Now, you can say, this all works so long as the local government makes it work, but if a food crisis really comes along and the local population is suffering in a way that's undeniable in terms of global news coverage, then that thin poly cover-up won't be enough to keep that food production secret and safe.  And China will find itself unusually responsible for what comes next in places like Ethiopia.

And that's when the whole "non-interference" things gets revealed as so much empty talk.  There is no way China rises and becomes what it is becoming without have huge interfering effect all over the planet, and people will hold it responsible for all that change--both the good and bad.  

Don't get me wrong:  I think China's impact will be overwhelmingly positive overall, as the sustained demand for resources does plenty to jump start and fuel development in places like Africa in ways that the boom-and-bust cycle previously offered by the West did not.  But with the good will come the bad, and that means China gets dragged into all sorts of uncomfortable dynamics it has previously sought to avoid.  

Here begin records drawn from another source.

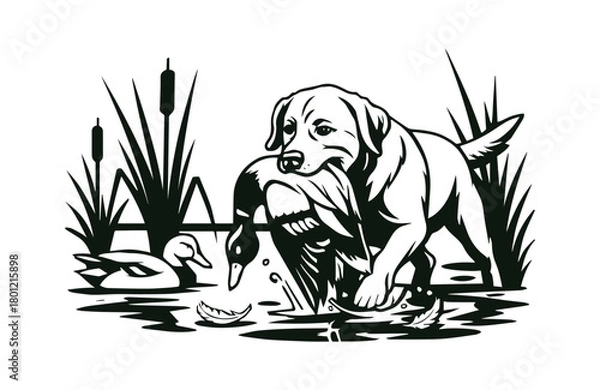 Obraz Labrador Retriever Duck Hunt Vector Art - Black and White Hunting Dog with Mallard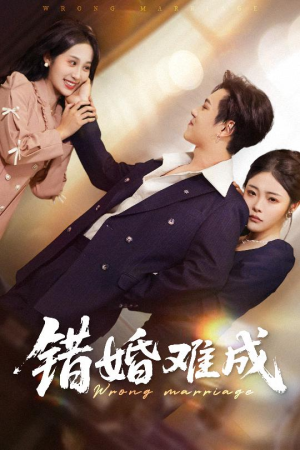 错婚难成(45集) 错婚难成(45集)不用花钱看全剧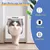 PetTribes Katzentür mit 4-Wege-Verschluss, Mittlere Größe PetTribes Katzentür mit 4-Wege-Verschluss, Mittlere Größe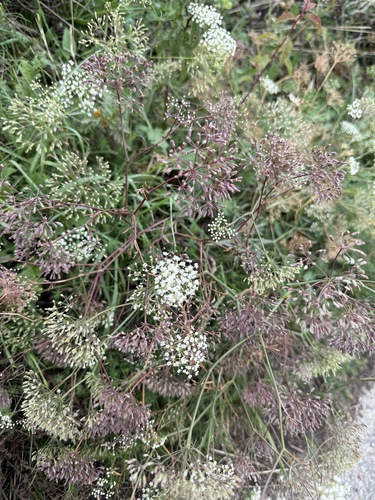 Falcaria vulgaris, photograph 5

This is why I argue that serious strategic partnership with the U.S. is hardly just in America's short- and medium-term interest (due to its current straining to meet its global security obligations). Over the long term, it's far more in China's interest. Back in "Blueprint," I said America needed to "lock in China at today's prices," but the obverse is equally true now:  prices will never be lower and China will never find a more pragmatic leader than Obama, because if he loses in 2012, expect the usual "apres moi, le deluge!" reactions to kick in. 

This is another example of why I think the 2010s are a turning-point decade--as in, get it right and globalization's future is secured, but screw it up, and far different global pathways are made possible.  Inside all those dynamics, the US-Chinese relationship is the long pole in the tent:  get it right and nothing can go wrong, but get it wrong and nothing will likely go right. Why?  The rise of the global middle class means there will be so little slack in so many systems, that it'll feel like we're collectively in constant crisis.  This environment yields the "keeping all the balls in the air" mindset currently on display at State with Clinton (who needs to aspire to higher goals than just this).  The same is unfortunately true in Beijing.  All this kicking-the-cans-down-the-road lack-of-ambition serves the world poorly at this moment of great structural change: everybody of note seems to avoid leadership.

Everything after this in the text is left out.